Extracted entries:
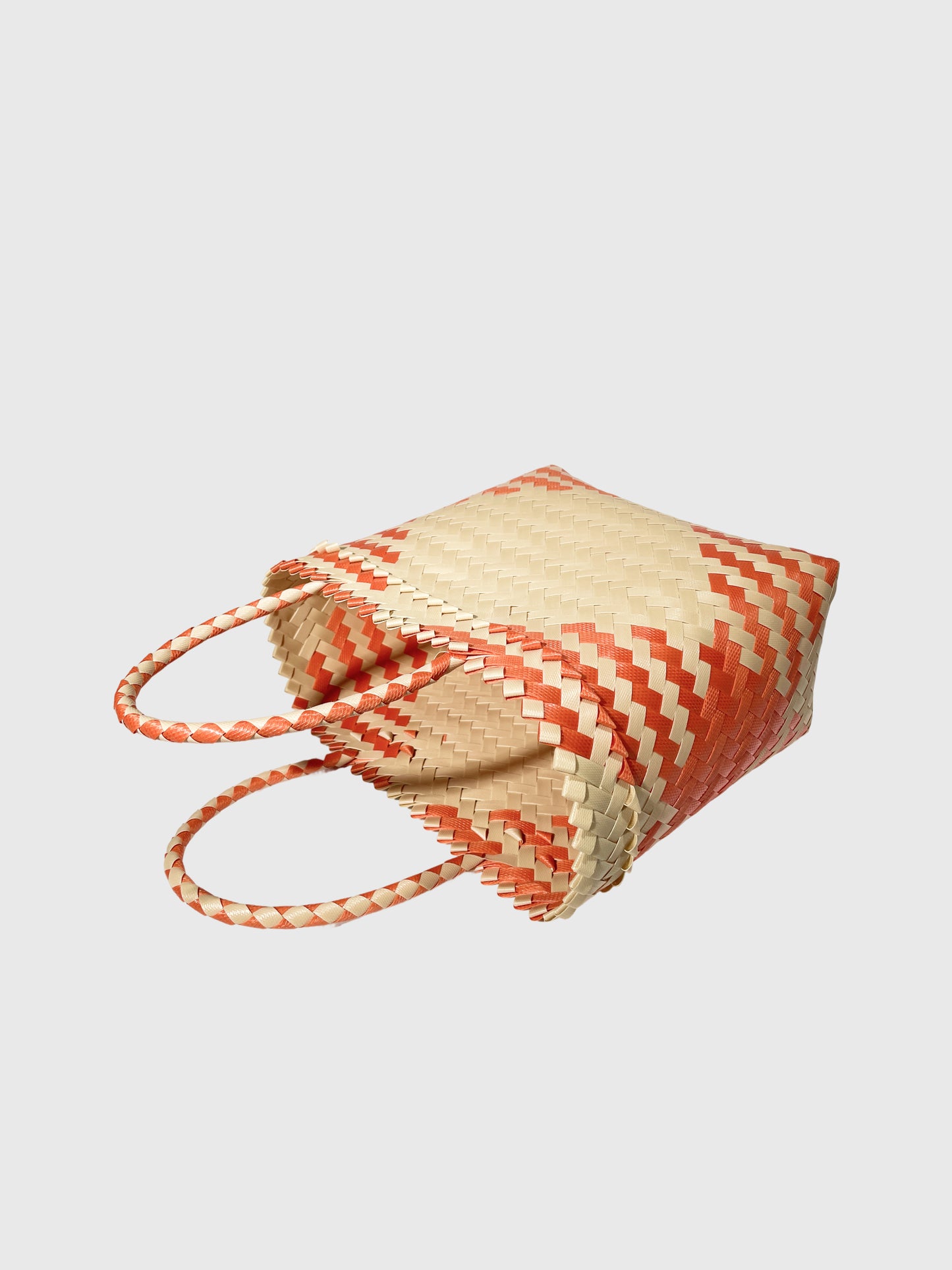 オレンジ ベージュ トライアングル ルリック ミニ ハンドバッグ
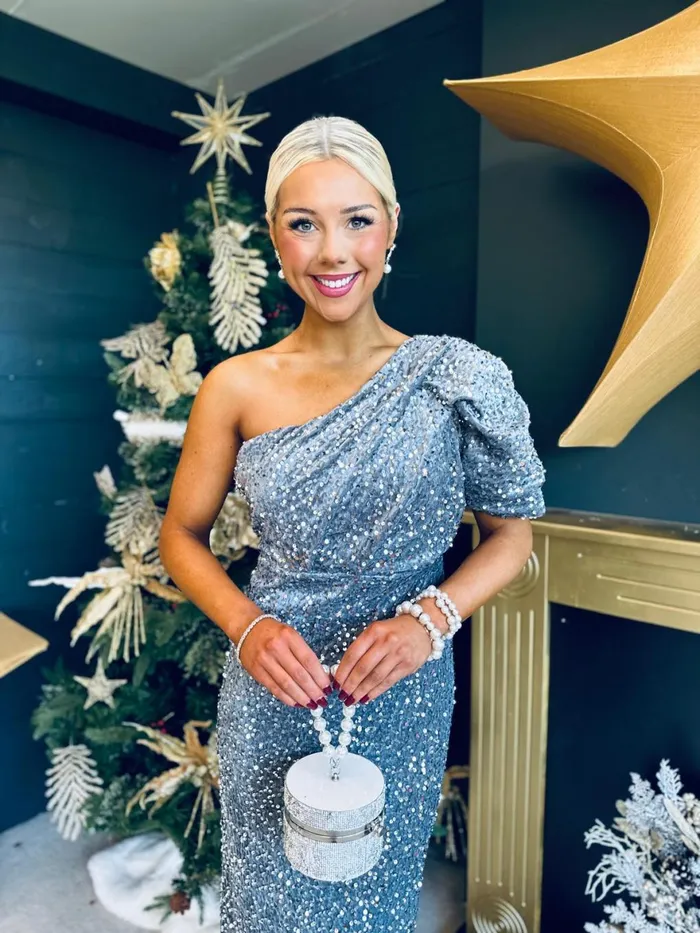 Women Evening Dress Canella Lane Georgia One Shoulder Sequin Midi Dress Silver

...

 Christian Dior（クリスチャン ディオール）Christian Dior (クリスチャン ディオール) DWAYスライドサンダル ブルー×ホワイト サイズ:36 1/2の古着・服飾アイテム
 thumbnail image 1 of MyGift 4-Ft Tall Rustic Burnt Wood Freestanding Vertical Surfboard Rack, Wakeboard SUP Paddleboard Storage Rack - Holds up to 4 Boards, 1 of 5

Work task:
Above are the records; from them, give again exactly the lines from the one containing "Christian Dior（クリスチャン ディオール）Christian" through the one containing "thumbnail image 1", both included.

Task answer:
 Christian Dior（クリスチャン ディオール）Christian Dior (クリスチャン ディオール) DWAYスライドサンダル ブルー×ホワイト サイズ:36 1/2の古着・服飾アイテム
 thumbnail image 1 of MyGift 4-Ft Tall Rustic Burnt Wood Freestanding Vertical Surfboard Rack, Wakeboard SUP Paddleboard Storage Rack - Holds up to 4 Boards, 1 of 5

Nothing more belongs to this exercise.